Our Senior Editor Ken Silber has a terrific piece in this issue on "The Investment Classics" -- the works of Phil Fisher (Common Stocks and Uncommon Profits), Graham and Dodd (Security Analysis) and of course the book Graham penned solo (The Intelligent Investor.)
Ever wonder what makes a book a classic? There are a lot of brilliant people with great ideas, but only few whose works endure. Classic works seem to have an almost tangible quality to them, as if the author is taking you by the hand and gently instructing you, or giving you a friendly whack prompting you to finally "get it".
Phil Fisher had a knack for putting common sense into words. People often fail to realize that common sense isn't so common. Until someone like Fisher comes along and says -- "I don't want a lot of good investments; I want a few outstanding ones" -- the idea remains imprecisely defined; there are whole prospectuses dedicated to communicating this simple concept. Fisher's works are filled with valuable nuggets of wisdom.
Benjamin Graham's animating concern was helping people make investment decisions objectively. He, along with David Dodd, defined principles of fundamental analysis, so that stocks could be quantitatively compared based on say, ratios of price-to-book value rather than on the more speculative "research" based on tips or management representations. His genius lay in the systematic applicability of his ideas.
If I were to speculate on whose contemporary work will one day be regarded as a classic, I'd put my money on Moshe Milevsky, whose new book Are You a Stock or a Bond? is excerpted in this issue. The response to Moshe's Retirement Income University series, which we ran last year, was electric. The series was an instant classic; we continue to this day to receive large orders for reprints of his work.

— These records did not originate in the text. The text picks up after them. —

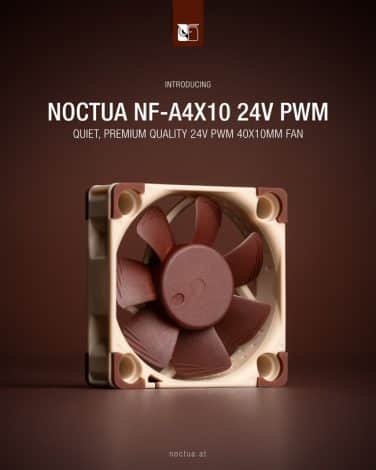 Imagen promocional del Noctua NF-A4x10 24V PWM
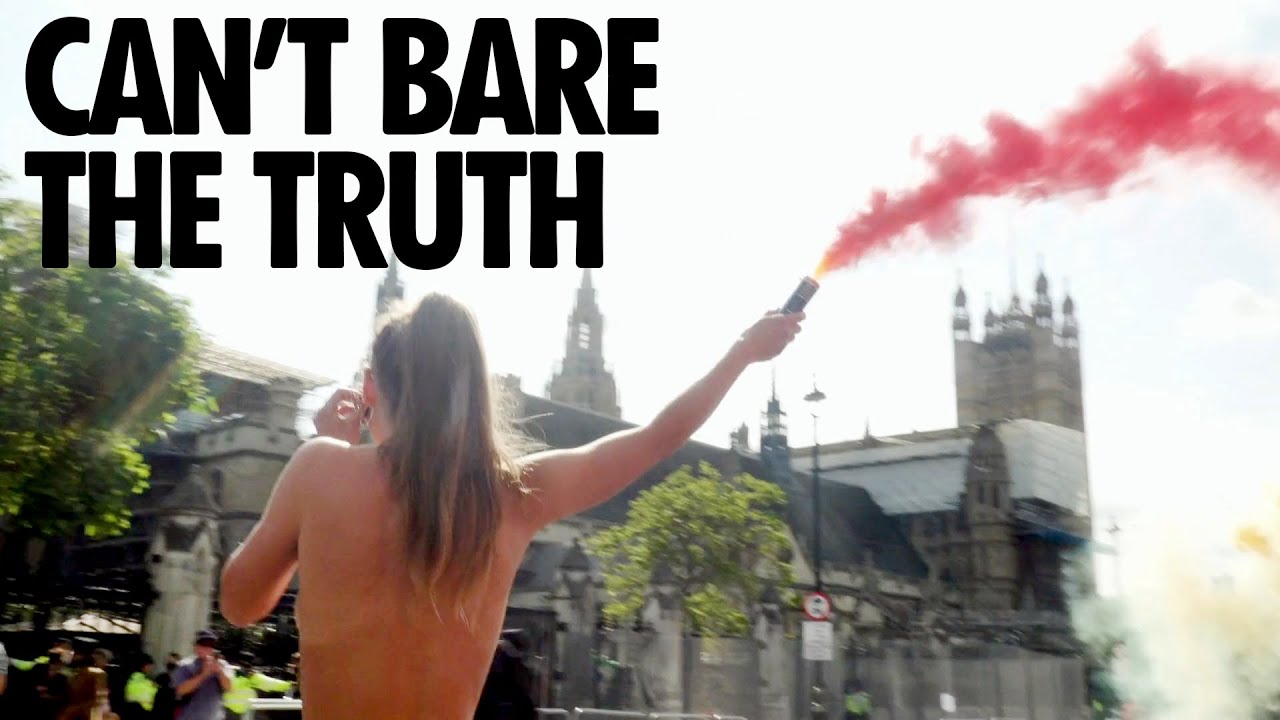 XR Women's Action 'Can't Bare The Truth' | Parliament Sq. | 10 Sept 2020 | Extinction Rebellion UK
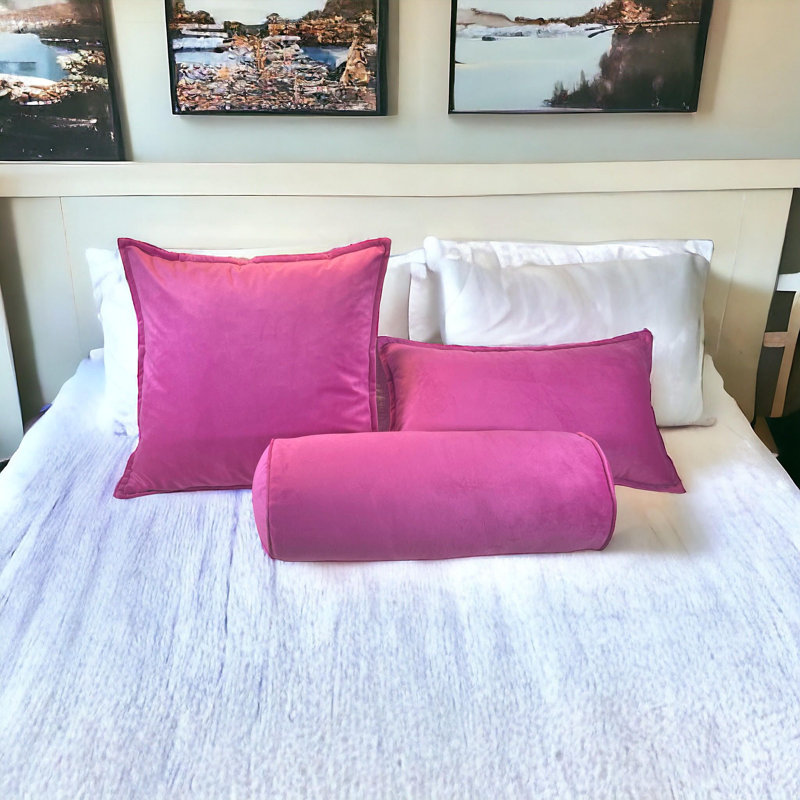 Housse de coussin carrée, Carré 24 po, Noir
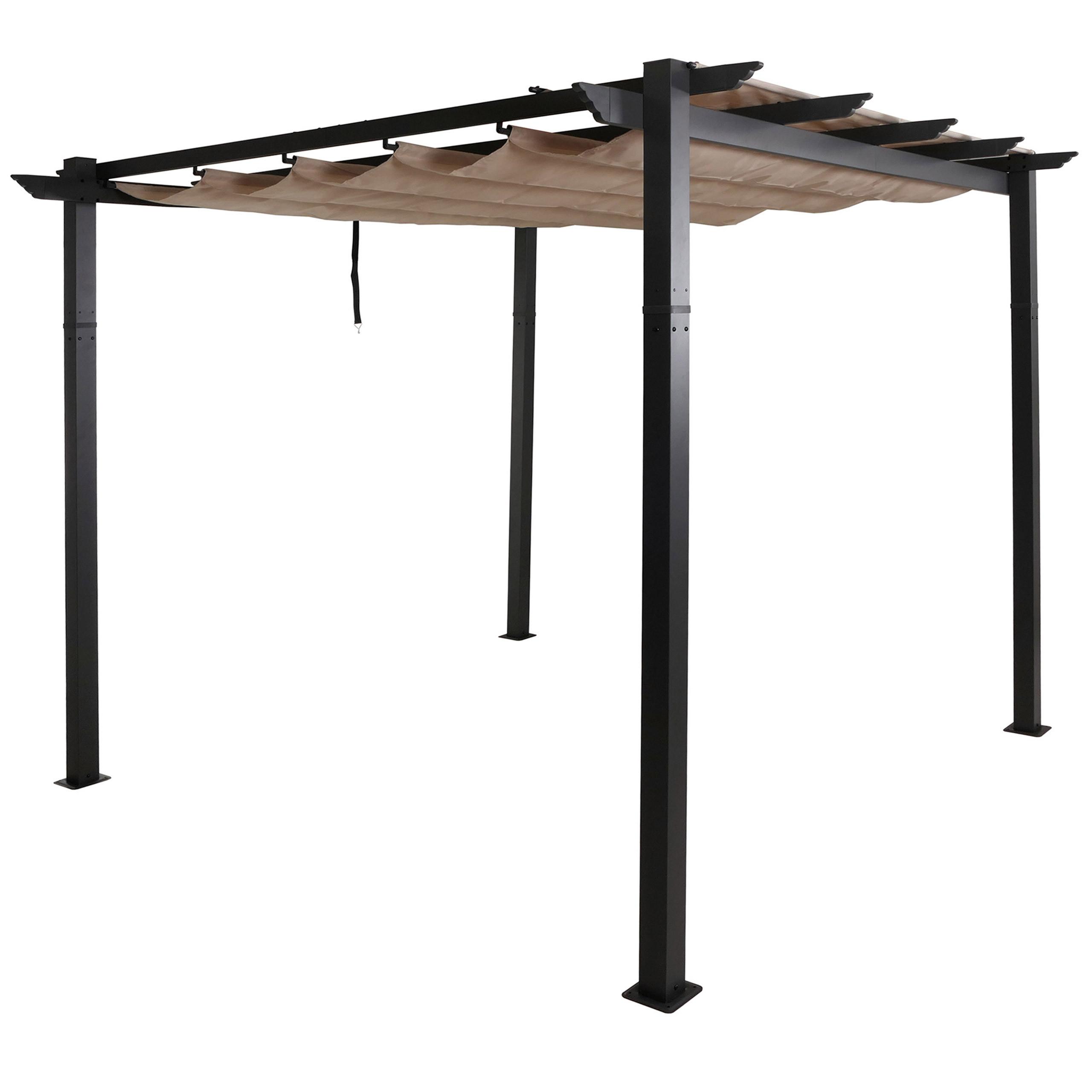 PERGOLA Beige - Beige, Textil (300/240/300cm) - MCW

Like Fisher, Graham, Dodd and other financial eminences, Moshe has ideas that are profound or have wide applications. But what makes Moshe most remarkable is not the depth of his ideas but their "length." He can take very complicated financial concepts that are best expressed trigonometrically and make them perfectly comprehensible to a layman financial advisor trying to help his clients retire.
So cultivate a little investment wisdom. It just might make you a classic financial advisor.